EXERCISE — Copy each line from the listing below where the word "Women" shows up.

TASK DATA —

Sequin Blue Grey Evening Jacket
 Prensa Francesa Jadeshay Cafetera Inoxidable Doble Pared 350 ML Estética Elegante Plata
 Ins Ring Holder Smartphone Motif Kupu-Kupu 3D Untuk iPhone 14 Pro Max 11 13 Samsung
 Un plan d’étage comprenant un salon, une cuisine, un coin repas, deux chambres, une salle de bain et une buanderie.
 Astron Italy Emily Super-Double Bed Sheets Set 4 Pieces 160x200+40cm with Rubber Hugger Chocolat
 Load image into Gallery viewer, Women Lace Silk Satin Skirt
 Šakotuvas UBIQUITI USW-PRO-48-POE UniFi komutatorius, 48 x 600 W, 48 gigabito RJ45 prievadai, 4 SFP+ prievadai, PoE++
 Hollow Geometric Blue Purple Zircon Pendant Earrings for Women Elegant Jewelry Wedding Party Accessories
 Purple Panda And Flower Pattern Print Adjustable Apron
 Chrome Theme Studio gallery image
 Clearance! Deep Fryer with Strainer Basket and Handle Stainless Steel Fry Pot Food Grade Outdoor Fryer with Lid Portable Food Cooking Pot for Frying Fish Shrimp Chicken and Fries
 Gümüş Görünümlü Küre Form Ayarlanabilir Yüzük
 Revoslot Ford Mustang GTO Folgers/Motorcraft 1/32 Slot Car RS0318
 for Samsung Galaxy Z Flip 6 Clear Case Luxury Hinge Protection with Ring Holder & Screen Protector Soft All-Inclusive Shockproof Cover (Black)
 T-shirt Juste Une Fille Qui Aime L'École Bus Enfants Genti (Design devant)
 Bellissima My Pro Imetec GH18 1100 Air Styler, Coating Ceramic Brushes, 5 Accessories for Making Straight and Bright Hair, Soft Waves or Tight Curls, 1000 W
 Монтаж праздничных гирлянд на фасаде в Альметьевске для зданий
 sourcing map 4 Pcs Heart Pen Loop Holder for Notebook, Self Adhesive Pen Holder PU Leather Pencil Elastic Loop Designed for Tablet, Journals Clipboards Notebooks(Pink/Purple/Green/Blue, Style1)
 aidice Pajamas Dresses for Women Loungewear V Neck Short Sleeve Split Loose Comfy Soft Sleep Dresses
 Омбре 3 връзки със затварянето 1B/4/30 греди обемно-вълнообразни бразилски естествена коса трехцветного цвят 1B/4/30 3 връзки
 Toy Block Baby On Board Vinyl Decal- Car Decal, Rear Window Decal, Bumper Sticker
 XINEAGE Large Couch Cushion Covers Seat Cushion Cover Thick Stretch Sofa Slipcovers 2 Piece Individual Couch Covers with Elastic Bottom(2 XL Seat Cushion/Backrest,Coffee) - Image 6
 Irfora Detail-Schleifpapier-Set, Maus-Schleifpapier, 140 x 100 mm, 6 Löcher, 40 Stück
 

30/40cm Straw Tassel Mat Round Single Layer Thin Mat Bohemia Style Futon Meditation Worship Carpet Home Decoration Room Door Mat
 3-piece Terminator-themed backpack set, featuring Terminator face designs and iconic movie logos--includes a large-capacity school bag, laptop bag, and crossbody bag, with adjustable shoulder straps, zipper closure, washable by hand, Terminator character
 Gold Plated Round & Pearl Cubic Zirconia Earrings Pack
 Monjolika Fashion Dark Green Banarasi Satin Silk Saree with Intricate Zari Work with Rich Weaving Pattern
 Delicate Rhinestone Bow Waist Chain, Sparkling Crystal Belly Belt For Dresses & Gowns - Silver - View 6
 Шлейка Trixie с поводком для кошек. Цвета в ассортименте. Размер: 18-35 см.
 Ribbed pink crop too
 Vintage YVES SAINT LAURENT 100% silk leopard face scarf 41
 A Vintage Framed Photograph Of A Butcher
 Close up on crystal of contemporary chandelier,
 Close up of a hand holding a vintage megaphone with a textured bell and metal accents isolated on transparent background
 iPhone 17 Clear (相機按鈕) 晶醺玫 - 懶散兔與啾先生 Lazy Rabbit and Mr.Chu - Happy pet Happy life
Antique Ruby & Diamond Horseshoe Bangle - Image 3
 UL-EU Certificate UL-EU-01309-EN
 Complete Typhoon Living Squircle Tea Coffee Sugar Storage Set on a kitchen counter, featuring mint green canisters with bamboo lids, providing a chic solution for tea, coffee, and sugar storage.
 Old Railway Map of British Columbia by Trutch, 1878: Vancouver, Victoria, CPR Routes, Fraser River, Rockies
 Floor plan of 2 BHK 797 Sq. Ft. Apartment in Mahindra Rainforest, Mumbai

SOLUTION BELOW —
 Load image into Gallery viewer, Women Lace Silk Satin Skirt
 Hollow Geometric Blue Purple Zircon Pendant Earrings for Women Elegant Jewelry Wedding Party Accessories
 aidice Pajamas Dresses for Women Loungewear V Neck Short Sleeve Split Loose Comfy Soft Sleep Dresses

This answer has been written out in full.